Implement a function merge
that, given a list of intervals, merges all overlapping intervals and returns the result as a list of disjoint intervals.
The solution is implemented in the merge
function in the merge.go
file. The function takes a list of intervals and returns a list of disjoint intervals.
To describe an interval, I use a struct with two fields: Start
and End
. The Start
field represents the start of the interval and the End
field represents the end of the interval. Both fields are of type int
. Along with the Interval struct, I also define a constructor function New
that takes two integers and returns an Interval struct. For simplicity of testing whether two intervals overlap, I added a method Overlaps
to the Interval struct. The method takes another Interval struct as an argument and returns a boolean value indicating whether the two intervals overlap.
One could think of extending the Interval struct to be generic, but I decided to keep it simple for the sake of this exercise.
The merging algorithm itself works in three steps. First, we check if the given list of intervals is empty and if so, we return an empty list. Second, the intervals are sorted by their start value. Third, the sorted intervals are merged if they overlap. The second step ensures that if two adjacent intervals do not overlap, the remaining intervals do not overlap either. We use this invariant to avoid checking all intervals for overlaps. Instead, we only check the last interval in the list for overlaps with the current interval. If the two intervals overlap, we merge them.
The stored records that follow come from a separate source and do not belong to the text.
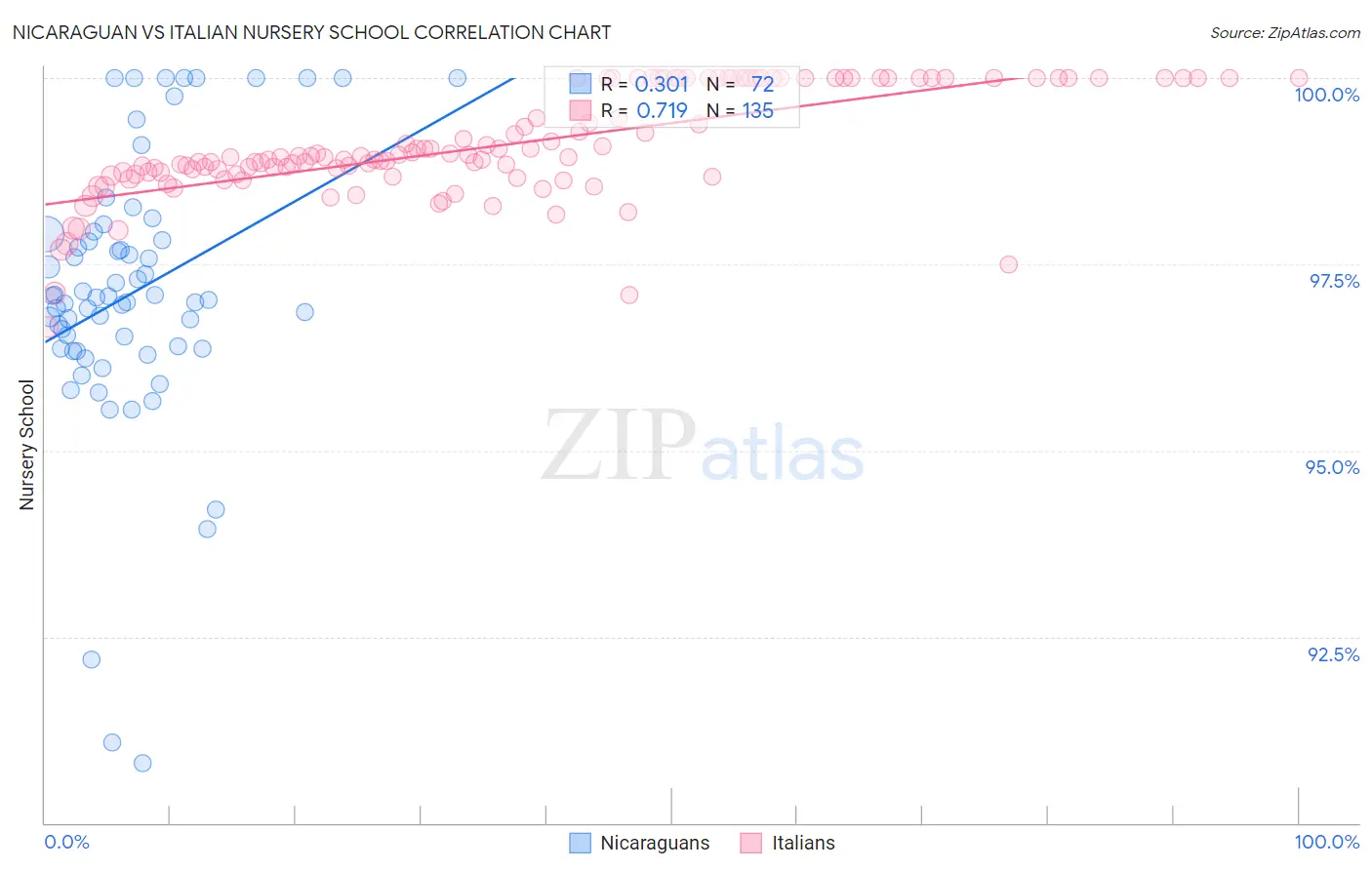 Nicaraguan vs Italian Nursery School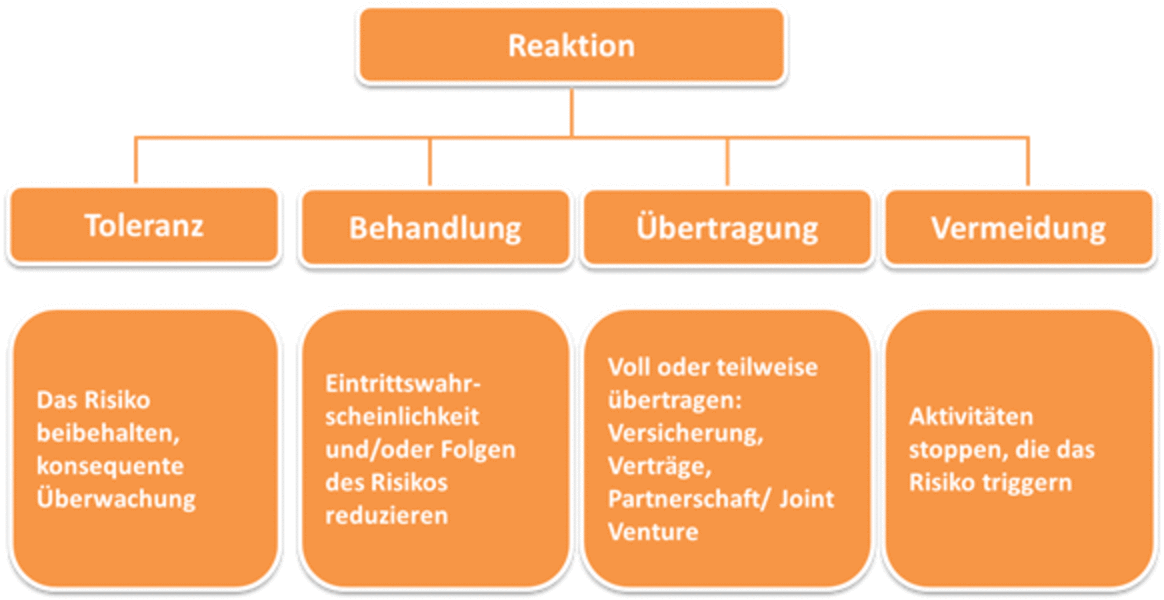 Der Umgang mit Risiken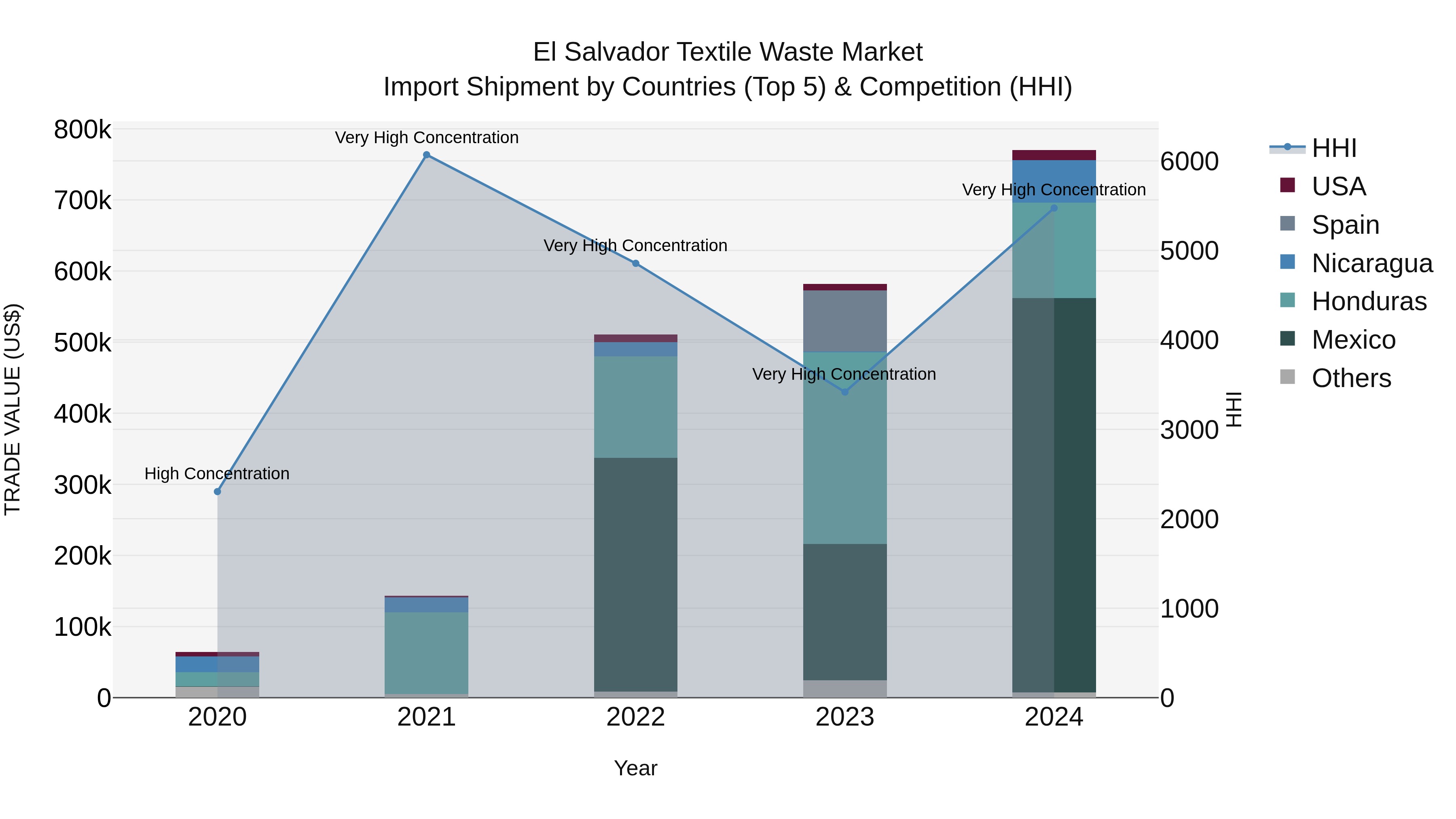 El Salvador Textile Waste Market Top 5 Importing Countries and Market Competition (HHI) Analysis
Otherwise, we append the current interval to the list of merged intervals. First sorting the intervals and then merging them allows us to merge the intervals in O(n log n) time.
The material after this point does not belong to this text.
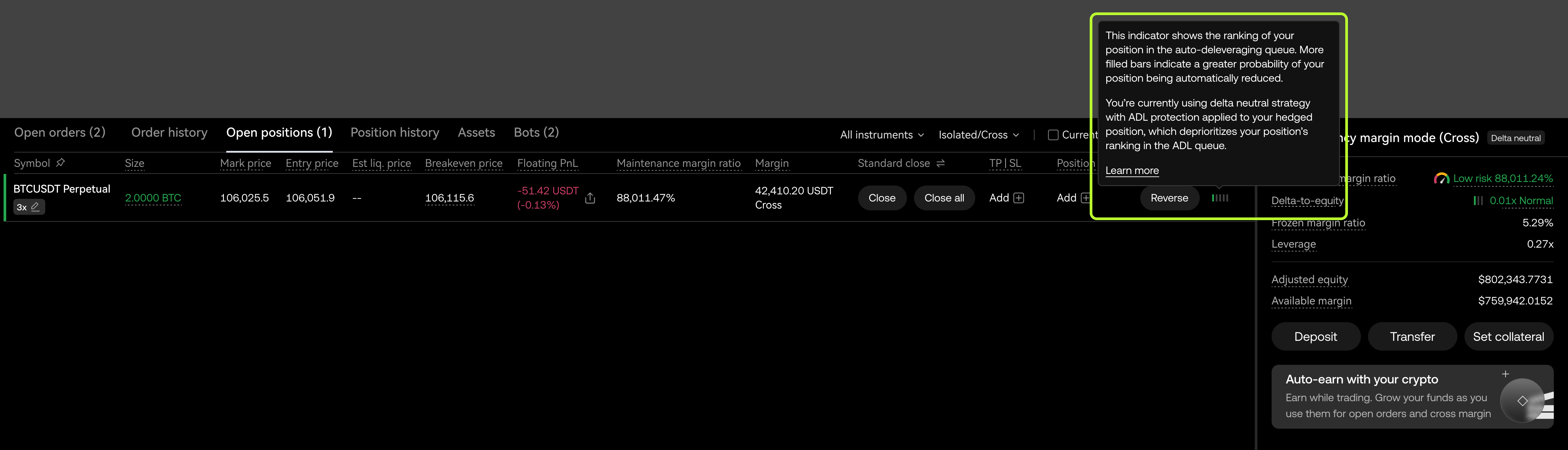 ADL hedged position desc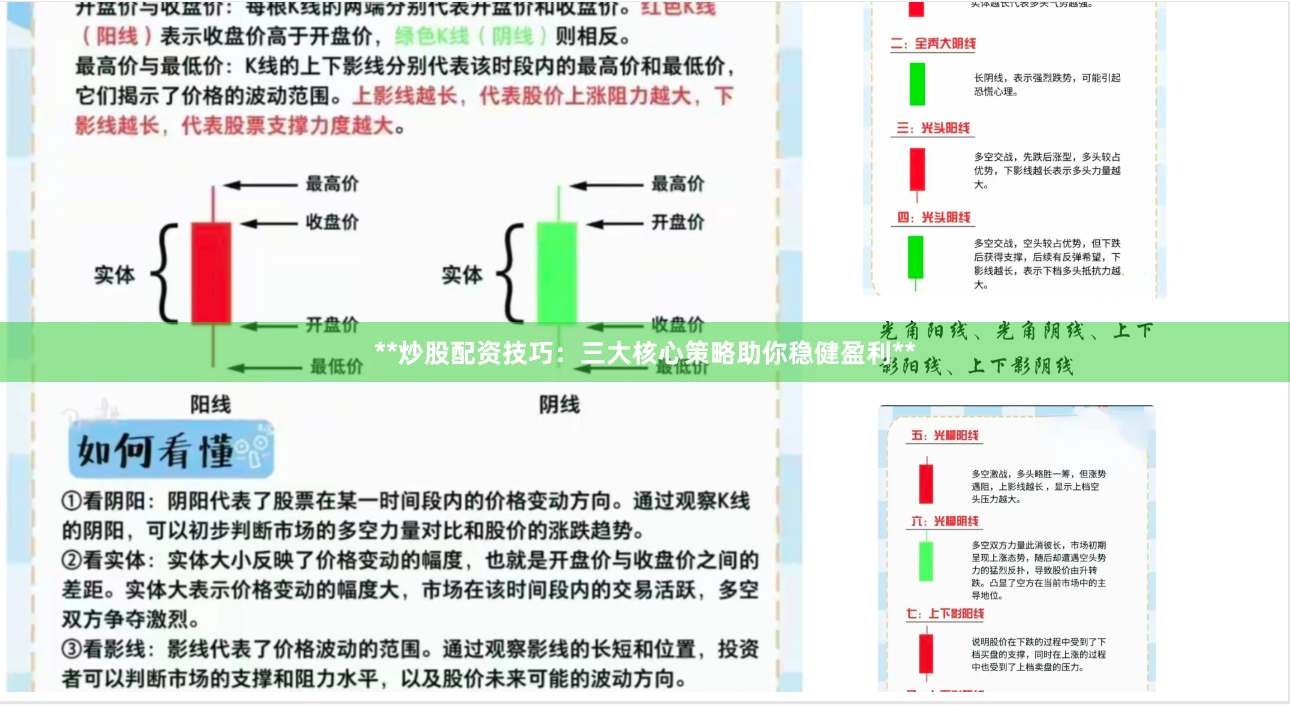 **炒股配资技巧：三大核心策略助你稳健盈利**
In pseudocode, the algorithm looks as follows:
function Merge(intervals):
if intervals is empty:
return empty list
sort intervals by start value
merged = [intervals[0]]
for interval in intervals:
if interval overlaps with merged[-1]:
merged[-1] = MergeTwo(merged[-1], interval)
else:
merged.append(interval)
return merged
where MergeTwo
is a function that takes two intervals and returns a merged interval:
function MergeTwo(interval1, interval2):
return interval with start value of min(interval1.start, interval2.start) and end value of max(interval1.end, interval2.end)
To run the solution, you need to have Go installed on your system. You can find instructions on how to install Go here.
To run the tests, navigate to the root directory of the project and run the following command:
go test -v
To run the tests for Interval, navigate to the interval directory and run the following command:
go test -v
Realistically, I spent about 5-6 hours on the solution. I spent about 2 hours on the algorithm itself (train of thought) and 2 hours on the implementation. The latter includes the time I spent on setting up and getting familiar with Go, writing the code and writing tests. The remaining time was spent on writing this README file, adding test cases and writing comments.
In case you are interested in how I came up with my solution, you can find my notes in the train_of_thought.pdf
file.
The runtime complexity of the solution is O(n log n) and the memory complexity is O(n).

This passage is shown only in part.